El legado de Ignacio Dorao Orduña está pendiente de ser calibrado en su justa medida, tarea dificultosa debido a su modestia a la hora de valorar su propio trabajo. Esta faceta siempre me sorprendió: cuandoquiera que recibía algún elogio por sus proyectos, él solía escabullirse resaltando a su vez algún logro nimio de su interlocutor.

Es bien sabido su involucramiento en la recuperación del patrimonio edificado de la ciudad de Málaga: en su haber constan, entre otras, las rehabilitaciones modélicas de la Casa Consistorial, de la plaza de la Merced y de la antigua Casa de Socorro del Llano de la Trinidad para dependencias de la policía local; proyectos todos ellos acometidos en los años 80 y 90 en su cargo de arquitecto municipal. Por cierto que, muy cerca del Llano, hemos podido admirar recientemente la terminación de otra exitosa actuación, cuidadosa y medida, en el nº 17 de la calle Calvo; esta vez proyectada y ejecutada por el también arquitecto Ignacio Dorao Moris, digno continuador de la obra de su padre. Ambos edificios constituyen muestras ejemplares de lo que podrían haber resultado los barrios trinitario y perchelero si las políticas de planeamiento urbano hubieran seguido derroteros distintos al exterminio de toda traza preexistente.

Menos conocida es su actuación previa en el terreno de lo que recientemente se ha bautizado como «arquitectura del sol», tipos edificatorios que han modelado la oferta turística de nuestro litoral. Hubo un tiempo en que mis derroteros profesionales me llevaron a frecuentar las localidades de la costa occidental; para un arquitecto, las creaciones de Antonio Lamela o Rafael de la Hoz -por ejemplo- son gemas que brillan entre el hormigón anodino que en ellas suele imperar. Con el tiempo, fui también distinguiendo también en determinados edificios anónimos rasgos estilísticos cultos, a la altura de la mejor arquitectura de la Tercera Generación, adaptados a la luz meridional y a la actividad relajada y abierta al exterior que caracteriza esta forma de habitar estival. Hablo de El Borbollón o El Remo en Torremolinos, los Olimpos o los Perla en Fuengirola: en la plasticidad de sus fachadas, en la brillante composición de sus espacios era evidente que latía el genio creador de un arquitecto con verdadero talento. Siempre me intrigó conocer su autoría, pues era evidente que procedían de la misma mano, hasta que en una conversación trivial con Ignacio salió a relucir su autoría, a la que -eso sí- restó toda importancia.

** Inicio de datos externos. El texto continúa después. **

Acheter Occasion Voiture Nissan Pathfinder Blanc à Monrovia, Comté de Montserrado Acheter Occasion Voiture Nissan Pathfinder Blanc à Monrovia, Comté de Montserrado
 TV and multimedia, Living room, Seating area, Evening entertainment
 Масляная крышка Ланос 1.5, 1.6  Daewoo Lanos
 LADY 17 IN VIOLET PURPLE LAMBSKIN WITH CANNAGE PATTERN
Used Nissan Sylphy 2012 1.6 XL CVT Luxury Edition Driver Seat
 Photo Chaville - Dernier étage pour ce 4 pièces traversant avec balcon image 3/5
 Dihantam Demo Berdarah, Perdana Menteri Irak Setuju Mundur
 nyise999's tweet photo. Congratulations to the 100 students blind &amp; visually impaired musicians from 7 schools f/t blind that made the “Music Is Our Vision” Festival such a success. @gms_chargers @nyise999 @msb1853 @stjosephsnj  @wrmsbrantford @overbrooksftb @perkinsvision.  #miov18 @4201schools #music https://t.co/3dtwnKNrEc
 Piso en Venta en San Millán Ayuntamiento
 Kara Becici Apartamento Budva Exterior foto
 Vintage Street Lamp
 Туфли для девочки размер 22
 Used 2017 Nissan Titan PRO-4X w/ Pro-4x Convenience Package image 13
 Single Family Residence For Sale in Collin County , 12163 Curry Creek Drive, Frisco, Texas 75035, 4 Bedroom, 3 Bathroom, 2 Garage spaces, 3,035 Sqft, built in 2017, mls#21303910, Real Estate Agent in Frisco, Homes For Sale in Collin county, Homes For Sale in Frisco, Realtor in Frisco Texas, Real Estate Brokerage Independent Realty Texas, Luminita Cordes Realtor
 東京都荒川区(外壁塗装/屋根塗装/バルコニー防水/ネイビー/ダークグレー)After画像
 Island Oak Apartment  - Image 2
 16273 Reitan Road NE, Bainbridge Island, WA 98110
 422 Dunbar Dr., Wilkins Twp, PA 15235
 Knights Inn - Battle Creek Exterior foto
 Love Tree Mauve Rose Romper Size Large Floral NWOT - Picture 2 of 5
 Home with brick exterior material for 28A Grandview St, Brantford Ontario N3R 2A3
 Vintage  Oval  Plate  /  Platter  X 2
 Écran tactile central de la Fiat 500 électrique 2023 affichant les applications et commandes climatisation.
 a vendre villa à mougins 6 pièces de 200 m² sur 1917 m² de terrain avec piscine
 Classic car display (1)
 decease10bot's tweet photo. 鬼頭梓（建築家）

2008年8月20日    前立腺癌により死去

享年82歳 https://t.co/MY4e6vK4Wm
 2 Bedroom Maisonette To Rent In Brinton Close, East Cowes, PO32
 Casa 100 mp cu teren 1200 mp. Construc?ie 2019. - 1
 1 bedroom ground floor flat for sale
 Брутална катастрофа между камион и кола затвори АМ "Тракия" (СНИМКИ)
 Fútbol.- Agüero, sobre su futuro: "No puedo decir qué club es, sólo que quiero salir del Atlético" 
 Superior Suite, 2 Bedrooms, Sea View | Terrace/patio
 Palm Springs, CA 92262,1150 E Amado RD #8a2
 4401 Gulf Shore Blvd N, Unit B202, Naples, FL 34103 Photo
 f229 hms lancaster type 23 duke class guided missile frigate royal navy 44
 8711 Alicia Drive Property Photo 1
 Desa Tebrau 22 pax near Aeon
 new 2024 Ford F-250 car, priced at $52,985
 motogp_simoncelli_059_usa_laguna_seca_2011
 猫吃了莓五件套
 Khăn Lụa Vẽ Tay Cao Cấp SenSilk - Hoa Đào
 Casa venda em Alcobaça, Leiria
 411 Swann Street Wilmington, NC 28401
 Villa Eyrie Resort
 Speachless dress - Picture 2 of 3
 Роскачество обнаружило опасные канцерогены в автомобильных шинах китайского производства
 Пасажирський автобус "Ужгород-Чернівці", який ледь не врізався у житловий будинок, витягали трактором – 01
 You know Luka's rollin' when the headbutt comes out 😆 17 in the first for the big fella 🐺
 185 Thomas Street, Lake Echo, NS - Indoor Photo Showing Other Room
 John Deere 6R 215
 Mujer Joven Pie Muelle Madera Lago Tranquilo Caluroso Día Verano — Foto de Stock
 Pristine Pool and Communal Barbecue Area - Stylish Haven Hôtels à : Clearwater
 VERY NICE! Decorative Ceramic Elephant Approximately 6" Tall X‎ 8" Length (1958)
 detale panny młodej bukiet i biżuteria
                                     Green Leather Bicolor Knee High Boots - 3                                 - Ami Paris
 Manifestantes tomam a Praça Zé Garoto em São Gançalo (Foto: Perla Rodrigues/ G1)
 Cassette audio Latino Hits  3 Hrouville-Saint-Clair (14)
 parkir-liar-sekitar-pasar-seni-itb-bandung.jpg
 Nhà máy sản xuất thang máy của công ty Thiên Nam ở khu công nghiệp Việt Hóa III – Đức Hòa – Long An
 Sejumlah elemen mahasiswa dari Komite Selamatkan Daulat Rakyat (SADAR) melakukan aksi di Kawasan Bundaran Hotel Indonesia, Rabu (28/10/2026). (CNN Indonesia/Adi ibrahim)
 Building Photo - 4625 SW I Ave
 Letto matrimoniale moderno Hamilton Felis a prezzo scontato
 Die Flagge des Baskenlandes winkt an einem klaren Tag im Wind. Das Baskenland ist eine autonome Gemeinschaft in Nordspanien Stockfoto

Ignacio Dorao Orduña, doctor arquitecto, era un hombre ilustrado y entusiasta, generoso y con múltiples inquietudes intelectuales y artísticas; características extensivas también al cálido ambiente familiar que han creado en torno a sí él y su esposa Marga, y que han sabido igualmente inocular a sus hijos. Navegante y pintor de barcos y marinas, era también un excelente caturicaturista y dibujante; hacía gala de haber dibujado todos los pueblos de la provincia, y con la colección resultante proyectaba la publicación de un libro que compila todos esos apuntes. Ojalá que vea la luz pronto, sería un precioso homenaje en su memoria.

La arquitectura malagueña está hoy de luto. La mayoría de nosotros apenas dejará una leve huella de nuestra fugaz existencia en este mundo; no es el caso de Ignacio, cuya figura queda no solamente en la memoria de su familia y amigos sino también en sus creaciones, que perdurarán en el tiempo. Que la tierra te sea leve, querido Ignacio.